Do you think we should take any military action to stop that?
MCFARLAND: Well, you clearly don't want to put anything off of the table right now. Iran to me and the potential nuclearization of Iran is probably the single biggest national security problem we face going forward, because if Iran develops nuclear weapons, I think it's highly likely that Saudi Arabia will seek to develop its own nuclear weapons and before you know it, we could have a nuclear arms race in the Middle East, which threatens Israel, which the Middle East, which threatens us and the world, so that's something that we need to address very carefully, very soberly, and with a full range of options before us.
Now, I don't think that we've even begun to exhaust the diplomatic avenues that we could take. This is the Iranian nuclear situation, it's something the United Nations is currently considering. I think that if—whatever we do in the Middle East, with regard to Iran and nuclear weapons, we need to do it in concert with allies and with other powers who have influence over Iran. But I would agree with you, that it is probably going forward, the single most difficult to solve problem that the United States will face.
MATTHEWS: How are you going to beat former mayor John Spencer to get the nomination to run against Hillary?
MCFARLAND: I'm going to do it the good old fashioned way by going to meet the voters. There are 62 counties in New York State, each one has a Republican Party chairman, I've talked to almost all of them. I've gone to see a number of them. At this point I have been extremely enthusiastically received by all of the ones I have met, and all the ones I've spoken to. So I'm going to do it the old fashioned way, go to the voters, convince them I'm the best candidate for the job, and then win.
MATTHEWS: You are not angry are you?
MCFARLAND: No, I'm not angry.
MATTHEWS: What did you make the Hillary's comment today that people who call women candidates angry are being chauvinist or sexist.
MCFARLAND: As a woman, I think that the whole issue of anger, who's angry who's not angry, that's just nonsense. Let's move a little bit beyond that, don't you think?
MATTHEWS: Are you brittle?
MCFARLAND: I think you ought to ask my five children.
MATTHEWS: These are all the charges your party is making at Hillary and I think they might be along that line. You don't think so. You think it's fine to call somebody brittle and angry?
MCFARLAND: Ask my five children. I don't think they think I'm brittle, maybe tough, but not brittle.
MATTHEWS: Do you know Hillary personally?

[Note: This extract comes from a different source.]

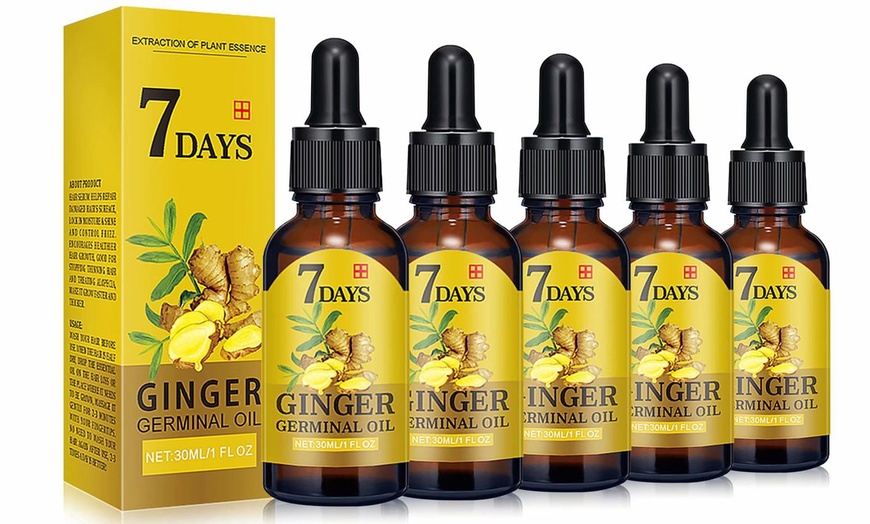 Ginger Germinal Hair Growth Serum Hair Growth Essential Oil (1, 2, or ...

MCFARLAND: I've been racking my brain to think if we've ever met. I worked for Henry Kissinger during the Watergate, I worked in the White House situation room, and I know that she was on the Watergate Committee and one of the lawyers working on it and I know there was a period of time when we turned our files over to some of those investigators, so I don't know. Could I have met her? Sure. I don't know if she was actually in the White House during those days. If she actually did come into the White House to read the files, chances are I did meet her.